Volk Field ANGB
Volk Field Air National Guard Base, located in beautiful central Wisconsin, is the home of Volk Field Combat Readiness Training Center, the 128th Air Control Squadron and the Wisconsin National Guard Museum. Located adjacent to Volk Field are Camp Williams and the Wisconsin Youth Leadership Training Center. Volk Field personnel also operate the Hardwood Weapons range near Finley, Wisconsin (5 nautical miles north of Sprague).

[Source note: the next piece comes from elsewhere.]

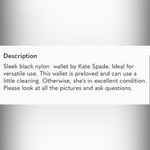 Kate Spade  Vintage Iconic Black Nylon Billfold Wallet Photo 4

The Air National Guard Combat Readiness Training Center (CRTC) at Volk Field Air National Guard Base (ANGB), Wisconsin, is one of four such sites located in the United States. The others are located at Alpena Michigan, Gulfport Mississippi, and Savannah, Georgia. The CRTC is established and funded by the National Guard Bureau (NGB) in Washington, D.C., and is directly under the command of the Adjutant General of Wisconsin. More than 200 units from the Army and Air National Guard, Air Force and Air Force Reserves, the Marine Corps and Naval Reserves use the facility each year. Other users include federal, state and local law enforcement agencies, Civil Air Patrol and youth organizations.

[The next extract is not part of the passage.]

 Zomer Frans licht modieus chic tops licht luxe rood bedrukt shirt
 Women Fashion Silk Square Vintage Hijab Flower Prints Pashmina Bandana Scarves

The mission of the CRTC is to provide a year-round training environment for ANG units to enhance their combat readiness. The CRTC allows training to be done which cannot be accomplished at their home station. The facilities approximate a Forward Operating Location (FOL), and provide a realistic setting for the conduct of unit Operational Readiness Exercises and Inspections (ORE, ORI). Additionally, the CRTC manages the operations and scheduling of assigned ranges and airspace training areas.
The Air Combat Maneuvering Instrumentation (ACMI) system is one of twenty-one such facilities worldwide. The ACMI is the most powerful state-of-the-art training aid for combat aircrews. It is a computerized three dimensional tracking and recording system. The ACMI provides enhanced safety for aircrews training in aerial combat, air-to-ground weapons delivery, surface-to-air defenses and electronic warfare. Approximately 4,000 square miles of airspace are instrumented in the ACMI system and aircrews from the Air National Guard, Air Force Reserves, Navy, Marine Corps, Air Force and Canada use these facilities year round.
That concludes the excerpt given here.